Goughler credits former Keystone head coach Kim Swartzfager for growing that love.
“My love for the game was strongly built upon in junior high by Kim Swartzfager,” Goughler said. “I remember being this tiny seventh-grade girl who maybe weighed 70 pounds if I was lucky. I had no upper body strength and was lucky if serving overhand I could get the ball halfway to the net. She allowed me to serve underhand because I was highly successful in that sense. She told me she didn’t care how I got the ball over the net, as long as I was getting it over. You can’t win games if you don’t score. She would always continue to work on over hand as I grew. Also, my legs weren’t big enough to even hold my knee pads up. During a summer-league game Kim even once went and found duct tape and she taped them on for me so I could play without them falling to my ankles.”
Goughler said her size was part of the reason she was cut from the seventh-grade basketball team, but that Swartzfager saw something in her.
“Kim saw a potential even in the smallest person on the team,” Goughler said. “That drove me to want to work hard and be the best player I could be.

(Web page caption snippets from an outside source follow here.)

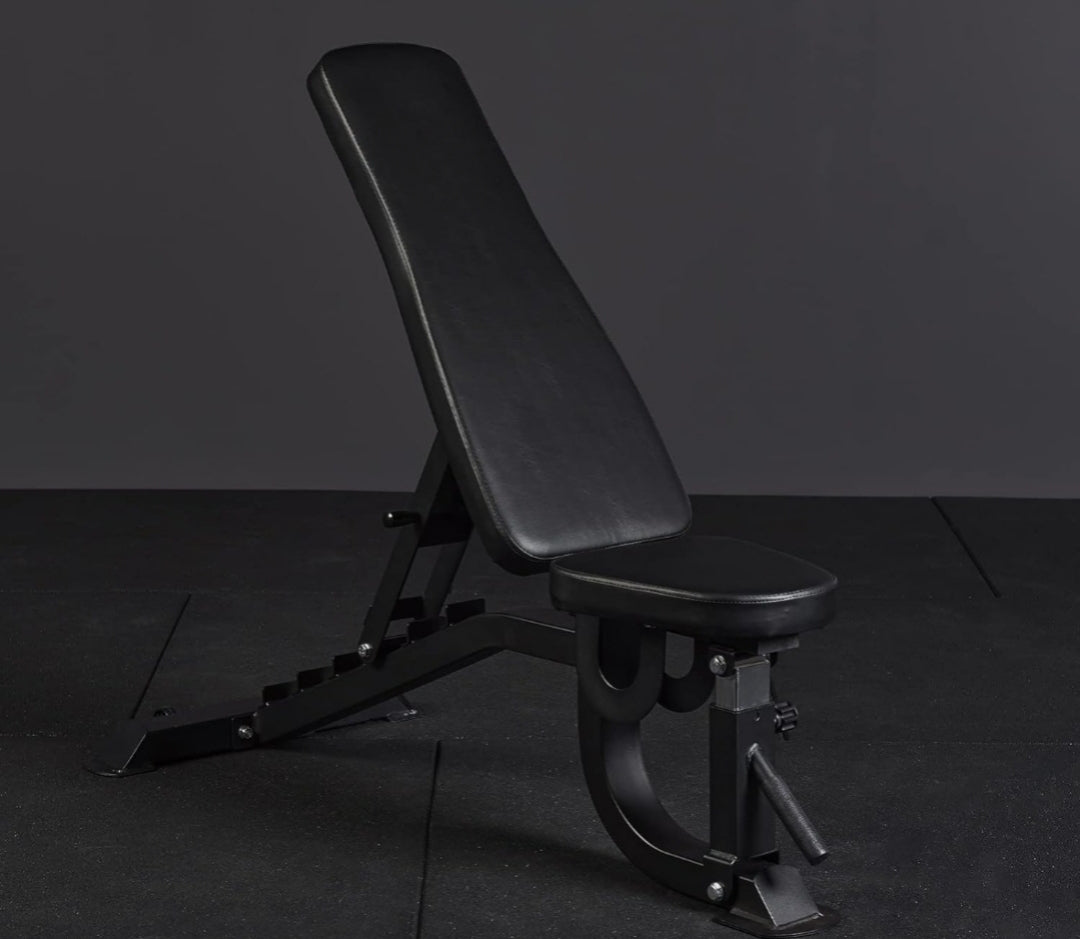 Heavy Duty Fid Utility Bench - Gymless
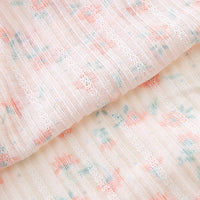 Load image into Gallery viewer, Baby Girls Flower Print Rompers Wholesale 230411406
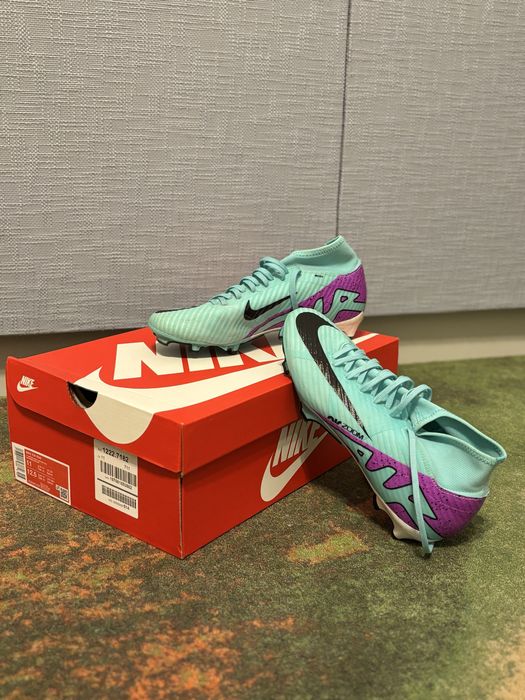 Nike Air Zoom Mercurial Superfly Elite FG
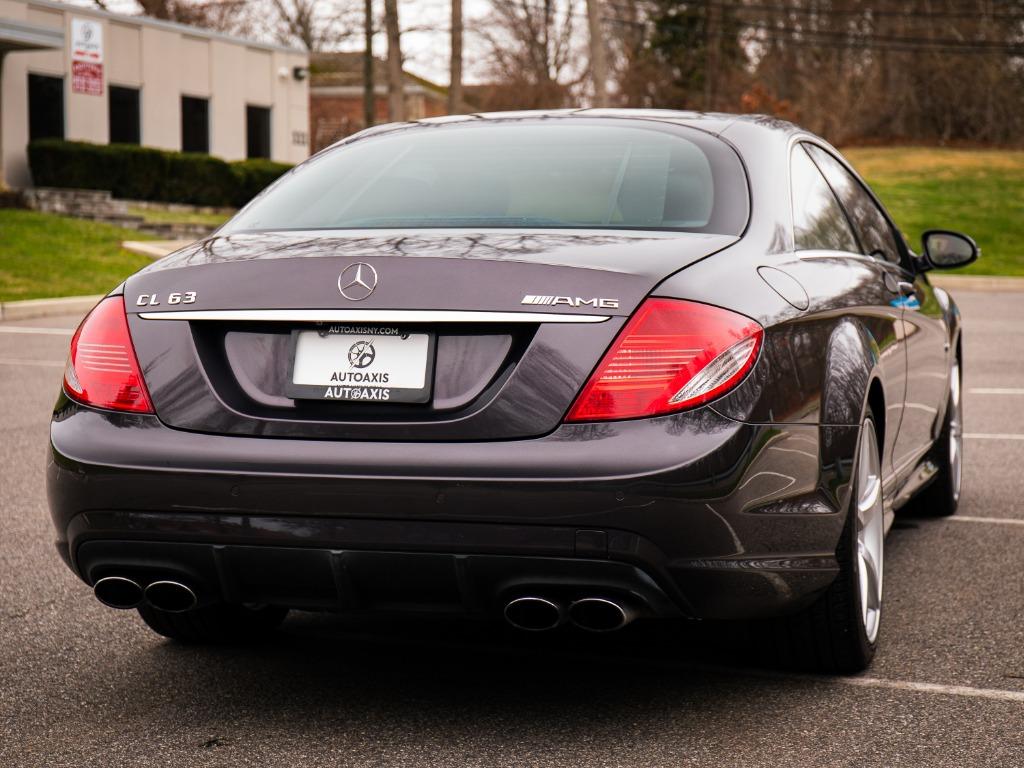 2008 Mercedes-Benz CL-Class CL63 - Photo 14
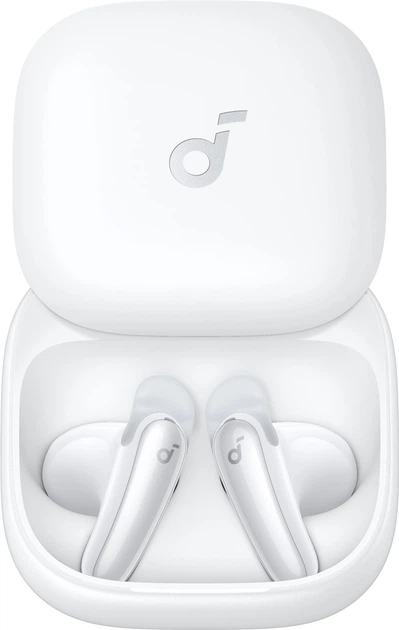 Słuchawki Anker SoundCore Liberty Buds White (D1200G21) - obraz 7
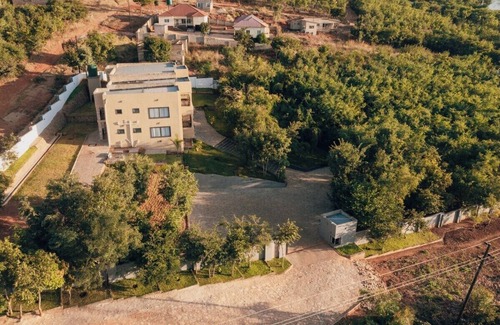 Chipata Apartment | The KWASU Apartments. Relaxing Garden Mountain Views KA-1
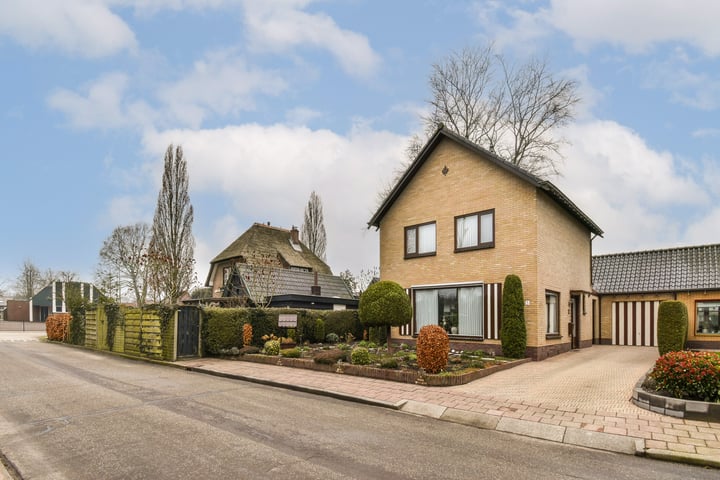 Foto van woning Wethouder van der Zandeweg 5, Elspeet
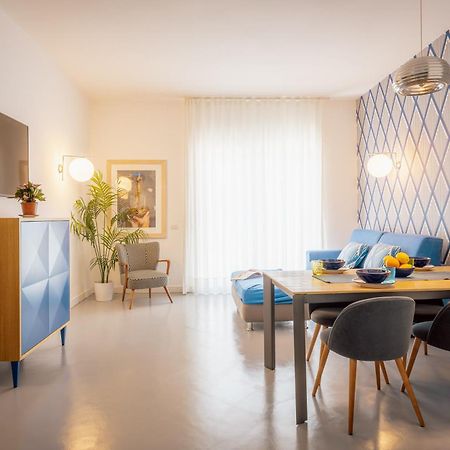 Sorrentovibes - Luxury Design Home & Jacuzzi In Heart Of Sorrento Bagian luar foto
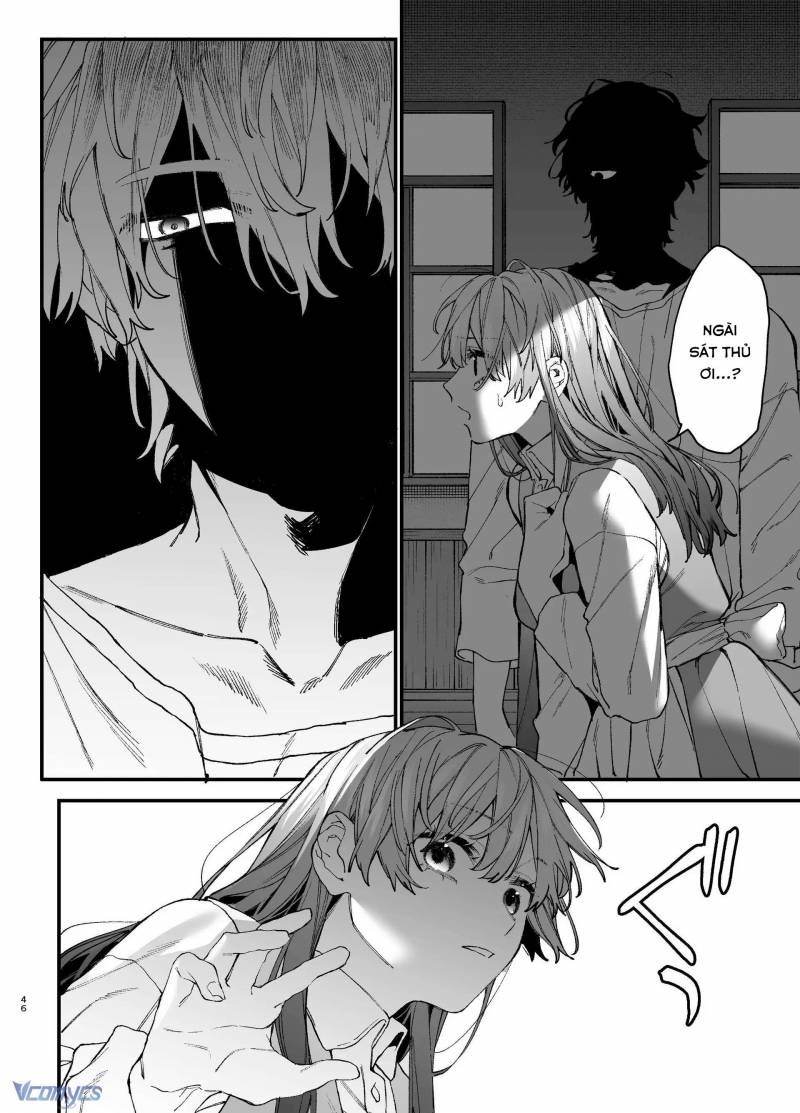 đọc truyện [18+] Tuyển Tập Truyện Ngắn Sếch Tàn Bạo Chương 16.1 ảnh 48 tại Thiên Thai Truyện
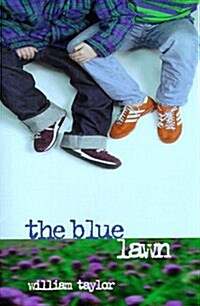The Blue Lawn (Paperback, 1st Alyson)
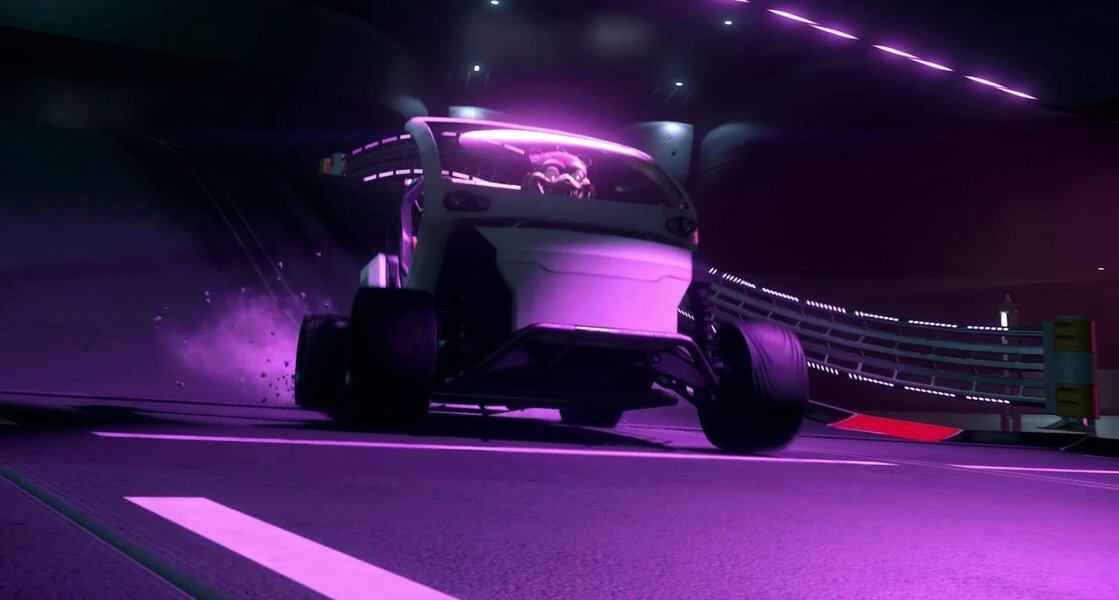 Image for article: Star Kart Racing: Inside Star Citizen's Latest Thrilling Addition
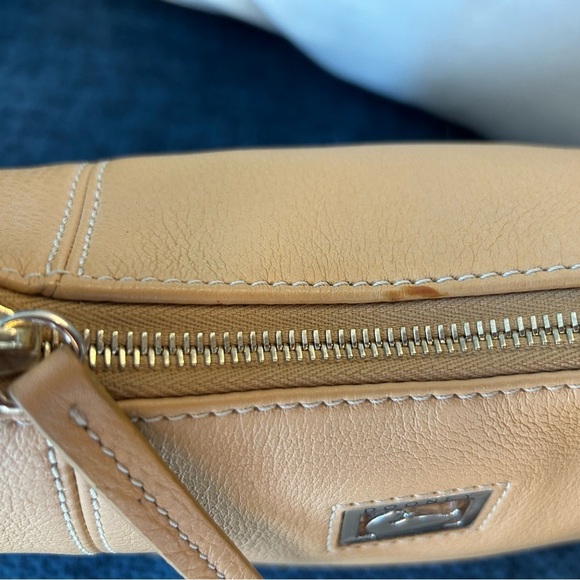 Dooney and Bourke Bag . Medium sized. Has imperfections . - Picture 13 of 17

Going up through the program, Laurie Barrett was always a mentor as well giving support and guidance. She strived to make me the best setter I could be. Even through multiple injuries she always helped get me back on track.”
Goughler believes there is a lot of potential with the current Keystone squad.
“Halee McCance did an awesome job with this program over the past six years,” Gougher said. “I’m excited to step in and take over the program she has built. I’ve had the opportunity to watch these girls over the past two years and work with them in a different capacity. I know the talent is there for them to be highly successful.”
Keeping the players in a comfort zone will be a key to success for the Lady Panthers.
“A number of these girls have played together for years,” Goughler said. “Keeping them in their comfort zone of type of play is important to me. I’m sure we will have some trial-and-error periods this year and changes will be made as needed. I have a great group of returning players and together we learn from each other. They are used to playing at a high level, and I expect that we will continue to do that.”
Goughler understands she will need to learn right alongside her players.
“Some areas of volleyball has changed since I’ve played,” Goughler said. “This will be an adjustment for me as a coach to learn.”
After graduating from Keystone, Goughler went to IUP where she earned a Bachelors in Science in Athletic Training in 2010. She then completed her Masters In Sports Coaching online from the United States Sports Academy (USSA) in Daphne, Ala., in October 2012.
While working on her Master’s, she worked at Central Cambria High School for Western PA Sports Medicine and Rehabilitation from August 2011 to August 2012 then moved on to Farrell High School with Sharon Regional Health Systems for two years before coming back home to work for C.H.A.M.P., a division of Clarion Rehabilitation Services in August 2014.
Goughler is currently pursuing a Doctorate in Athletic Training online through A.T. Still University in Mesa, Arz., with a tentative graduation date of October 2018.